Mad about the Lycians? Then a little way further east along the coast you will come to Kale/Demre, an unappealing small town best known for a church associated with the cult of St Nicholas (AKA known as Santa Claus). Inland from the tacky souvenir stalls, you`ll find a beautiful Roman theater in a wonderful state of repair as well as another astounding Lycian necropolis that is especially photogenic.


If the remains at Troy can seem disappointingly slight, those at Çatalhöyük near Konya are even more so, yet historically they are of extraordinary importance. For a long time it was believed that this was one of the oldest towns ever to have existed, and although recent discoveries have put paid to that idea, still many people are enthralled to realize that they are looking at the remains of houses that were lived in more than 9,000 years ago. Lingering memories of the Neolithic cult of the Mother Goddess also appeal to many contemporary visitors. The biggest problem is getting to the site without your own wheels. There are infrequent buses from Konya to Çumra where you can hire a taxi to the site or to Kükköy whence you can approach the site on foot.


The Phrygians were a people who ruled over the area around what is now Ankara some 2,500 years ago. Their most famous settlement was at Gordion near Polatlı where a large burial mound was once believed to contain the remains of King Midas (he of the asses` ears). Although this is no longer thought to be the case, the wooden structure inside the mound is still one of the world`s oldest wooden structures. A little way further along the road lie the remains of the town of Gordion with a thoroughly impressive main gateway. Hooked on the Phyrgians? Then you might also want to make your way to Midas Şehri, a huge rock-cut tomb adorned with impressive Phrygian carvings that stands in glorious isolation at Yazılıkaya, north of Afyon.


If the Phrygians can seem obscure, the same could also be said of the Hittites who ruled over large chunks of Anatolia and the Middle East some 3,500 years ago. Very little was known about them until 1834 when the French traveler Charles Texier stumbled upon the remains of Hattuşa, the capital first of the even more mysterious Hatti people and then of the Hittites. Today those ruins form one of Turkey`s 10 UNESCO-recognized world heritage sites along with the associated ruins at Yazılıkaya (not to be confused with the one near Afyon) and Alacahöyük. Until recently there were only slight ruins at Hattuşa, close to the small village of Boğazkale, but parts of the wall have now been rebuilt to give visitors a better idea of what the city might have looked like in its heyday. Yazılıkaya, where visitors can inspect a line-up of Hittite deities carved into the rock, is within walking distance of Hattuşa. To get to Alacahöyük requires private transport or a taxi. And if the Hittites have wormed their way under your skin then there are other striking remains to be discovered in the Karatepe-Aslantaş National Park near Osmaniye, and at Yesemek near Gaziantep.

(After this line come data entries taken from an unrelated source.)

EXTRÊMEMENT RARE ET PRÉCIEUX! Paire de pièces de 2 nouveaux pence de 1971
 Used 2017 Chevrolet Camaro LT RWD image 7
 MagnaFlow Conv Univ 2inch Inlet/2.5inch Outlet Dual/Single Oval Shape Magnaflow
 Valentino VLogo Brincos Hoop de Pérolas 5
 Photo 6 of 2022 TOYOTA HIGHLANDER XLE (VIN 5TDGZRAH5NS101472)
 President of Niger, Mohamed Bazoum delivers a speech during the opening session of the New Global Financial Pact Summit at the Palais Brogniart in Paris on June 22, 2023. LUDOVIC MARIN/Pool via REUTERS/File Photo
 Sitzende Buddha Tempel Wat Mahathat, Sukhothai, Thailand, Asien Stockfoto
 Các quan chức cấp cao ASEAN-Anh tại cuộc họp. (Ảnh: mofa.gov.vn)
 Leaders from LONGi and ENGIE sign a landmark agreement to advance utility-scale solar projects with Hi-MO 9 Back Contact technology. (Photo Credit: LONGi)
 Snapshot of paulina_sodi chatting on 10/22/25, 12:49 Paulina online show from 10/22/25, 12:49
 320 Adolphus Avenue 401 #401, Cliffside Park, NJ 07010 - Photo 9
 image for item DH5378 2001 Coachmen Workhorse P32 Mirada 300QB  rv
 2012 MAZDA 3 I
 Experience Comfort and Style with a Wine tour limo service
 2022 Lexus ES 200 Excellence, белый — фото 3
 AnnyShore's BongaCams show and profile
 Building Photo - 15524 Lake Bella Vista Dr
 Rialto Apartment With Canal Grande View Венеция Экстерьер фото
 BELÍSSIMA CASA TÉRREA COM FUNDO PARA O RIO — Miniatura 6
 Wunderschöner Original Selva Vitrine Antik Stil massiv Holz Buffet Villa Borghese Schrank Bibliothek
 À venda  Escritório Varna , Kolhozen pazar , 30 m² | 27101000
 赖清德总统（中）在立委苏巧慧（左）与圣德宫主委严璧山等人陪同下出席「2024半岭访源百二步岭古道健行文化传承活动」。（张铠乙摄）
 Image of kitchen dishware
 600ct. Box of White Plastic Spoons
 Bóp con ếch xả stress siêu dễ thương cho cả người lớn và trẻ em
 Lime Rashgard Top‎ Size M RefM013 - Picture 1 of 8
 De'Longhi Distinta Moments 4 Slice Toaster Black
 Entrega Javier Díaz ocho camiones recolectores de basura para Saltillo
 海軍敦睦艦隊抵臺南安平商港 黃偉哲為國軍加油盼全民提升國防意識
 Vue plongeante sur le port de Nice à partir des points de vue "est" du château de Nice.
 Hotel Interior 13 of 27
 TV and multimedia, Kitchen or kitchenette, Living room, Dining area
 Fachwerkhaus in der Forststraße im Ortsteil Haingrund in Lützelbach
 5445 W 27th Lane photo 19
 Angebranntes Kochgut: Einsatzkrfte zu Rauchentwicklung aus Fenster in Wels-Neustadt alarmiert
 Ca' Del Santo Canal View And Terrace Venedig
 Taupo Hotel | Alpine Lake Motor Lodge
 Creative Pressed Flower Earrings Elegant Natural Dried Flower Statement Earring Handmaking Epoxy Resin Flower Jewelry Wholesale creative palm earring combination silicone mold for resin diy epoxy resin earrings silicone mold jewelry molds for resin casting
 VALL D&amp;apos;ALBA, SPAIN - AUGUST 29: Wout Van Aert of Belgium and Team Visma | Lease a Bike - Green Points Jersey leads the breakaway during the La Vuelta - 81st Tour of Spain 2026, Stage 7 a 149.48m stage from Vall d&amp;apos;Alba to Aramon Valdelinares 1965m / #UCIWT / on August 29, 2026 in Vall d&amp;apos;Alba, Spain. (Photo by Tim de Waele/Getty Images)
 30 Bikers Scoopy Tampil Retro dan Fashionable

The ruins of Dara lie forgotten in the countryside east of Mardin, visited by very few people despite the fact that the quarry from which its stones were cut is eerily lovely, especially in spring, while the yawning cisterns where water was stored make a staggering sight. It was here that the Emperor Justinian`s great military leader Belisarius successfully battled the Persians in 530 AD, reason enough on its own to justify the detour.

Van Castle

Way over on the far eastern side of Turkey it was the Urartians who ruled the roost from the 13th to seventh century BC, and their most imposing memorial is the castle that bestrides a huge rock on the western side of Van. Come here to inspect extraordinary cuneiform inscriptions cut into the rock, then head straight for Van Museum to eye up some of the gorgeous gold artifacts dating back to Urartian days.